Controlling Draws in the World Championship

Fascinating article covering the question of whether Magnus Carlsen back in the World Championship cycle?

Most interesting is the rule on draws. Not a surprise there is a rule on draws, but rather than the historical “Must make X moves before an offer,” now FIDE has leaned towards other methods usually favored by privately sponsored tournaments.

At the world championship level, allowing theoretically known draws to be claimed may make sense. Would that include table-base checking and their sometimes tortuous drawing methods?

At lower levels I’ve seen 1800+ players mis-handle and lose a drawn K vs K+P ending, even in non-time-pressure situations (including black K on e7, white P on e6, white K on e5 - black played Kf8 rather than Ke8).

When players want to draw, they will, regardless of the rules. I guess we will see the “spectacle” of players shuffling pieces back and forth and creating more draws through a repetition of position.

These attempts to avoid draws have all been done before. In the late 1800’s and early 1900’s, a number of tournaments had odd rules that cancelled draws, required replays of games, or gave 1/4 points for draws. In one tournament, a draw by Black was scored as a win for him. All of these rules by reformers were derided by the players and the public after some shocking results that deprived favorites of prizes. My favorite weird tournament result was the one notched by US Champion Frank Marshall. He entered a round robin tournament in England that awarded one point for a win against a lower ranked player, but more points against a higher ranked foe. Marshall played 3 games a day at normal time controls and won all 44 games. He came in third place!

The best way to cut the number of GM draws is to provide a financial incentive to play fighting chess. That is how i would attack the problem, make it worth their while to risk. Maybe a prize for “aggressive play” even for a player who didnt score high, but tried hard to win.

That would work if it’s unrated or if the top 10 is only playing the top 10. Conditions and appearance fees based on ratings will outstrip tournament-based financial incentives for a long time.

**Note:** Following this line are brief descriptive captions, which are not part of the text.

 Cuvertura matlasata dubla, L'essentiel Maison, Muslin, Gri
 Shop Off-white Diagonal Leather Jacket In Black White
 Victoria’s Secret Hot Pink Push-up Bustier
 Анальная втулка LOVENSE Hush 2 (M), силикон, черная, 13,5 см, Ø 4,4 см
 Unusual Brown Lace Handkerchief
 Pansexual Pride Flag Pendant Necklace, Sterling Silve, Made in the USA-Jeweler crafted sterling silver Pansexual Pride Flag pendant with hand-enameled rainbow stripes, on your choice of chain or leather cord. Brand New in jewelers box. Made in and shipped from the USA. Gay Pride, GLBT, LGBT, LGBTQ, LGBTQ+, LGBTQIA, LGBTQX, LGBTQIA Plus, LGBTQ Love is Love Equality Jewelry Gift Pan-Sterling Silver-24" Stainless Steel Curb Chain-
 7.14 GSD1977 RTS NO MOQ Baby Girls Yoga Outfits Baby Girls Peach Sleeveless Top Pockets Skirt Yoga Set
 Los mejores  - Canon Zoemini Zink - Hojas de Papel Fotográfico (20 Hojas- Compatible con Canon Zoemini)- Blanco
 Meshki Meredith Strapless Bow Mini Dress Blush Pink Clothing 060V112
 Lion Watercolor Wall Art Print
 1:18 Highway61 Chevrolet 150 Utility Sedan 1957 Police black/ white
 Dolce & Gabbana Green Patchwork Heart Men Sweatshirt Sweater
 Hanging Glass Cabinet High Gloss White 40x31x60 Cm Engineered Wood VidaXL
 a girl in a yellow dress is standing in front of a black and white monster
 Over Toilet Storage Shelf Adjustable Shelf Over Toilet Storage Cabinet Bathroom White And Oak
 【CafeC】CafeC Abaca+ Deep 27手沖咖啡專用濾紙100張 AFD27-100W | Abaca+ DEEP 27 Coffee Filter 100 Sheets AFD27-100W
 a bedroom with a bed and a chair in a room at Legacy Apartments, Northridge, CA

I was referring to top-level tournaments, like “top 10”. I don’t see chess having a draw problem in lower-end tourneys…
If financial incentives produce fighting chess, more fans will keep and gain interest, and everyone benefits.

Tablebase positions have been misplayed as recently as game 2 of the Kramnik-Topalov match. 6k1/1p2r3/3K4/6N1/3P4/8/8/8 b - - 0 53

Geller-Fischer, 1970 interzonal, Fischer-Taimanov match game 2, & this position from the Korchnoi-Kasparov match 8/8/4K3/6r1/3P1k2/3R2p1/8/8 w - - 0 1 were all tablebase draws that were lost.

Let the humans play.

I was watching Ivanchuk-Topalov a few days ago on ICC. According to the computer, Ivanchuk had an advantage. Then Topalov turned it around and had a similar advantage, about +.5 according to Houdini. Suddenly it comes across: DRAW. Give me a break. My point isn’t to blindly follow computers, but after this, I can’t listen to the people that say there is “no draw problem”. THIS is a problem. The game was dynamic, obviously with the advantage gone back and forth was interesting, and had an unclear ending. The players should have no right to just walk away from this game. There should be a penalty for such action. Heck, imagine if I walked out of work after 6 hours instead of 8!

Speaking of World Championships, I witnessed a really bad example of this. I was at game 6, Kasparov/Anand, at the World Trade Center, 1995. Kasparov was up the exchange for a pawn, and most spectators and experts believed he had winning chances in the endgame. In any case, the position still gets discussed occasionally. Fritz 13 believes Kasparov is up over 1.00. Suddenly DRAW. A few spectators, including myself, actually booed. I love endgames, and they should have been forced to give me my money back. It’s a travesty to believe that just because these players are great players, that they have the right to subvert the game. I’m sorry, I just don’t buy it. I did not go to another game, for fear of the same frustrating thing happening.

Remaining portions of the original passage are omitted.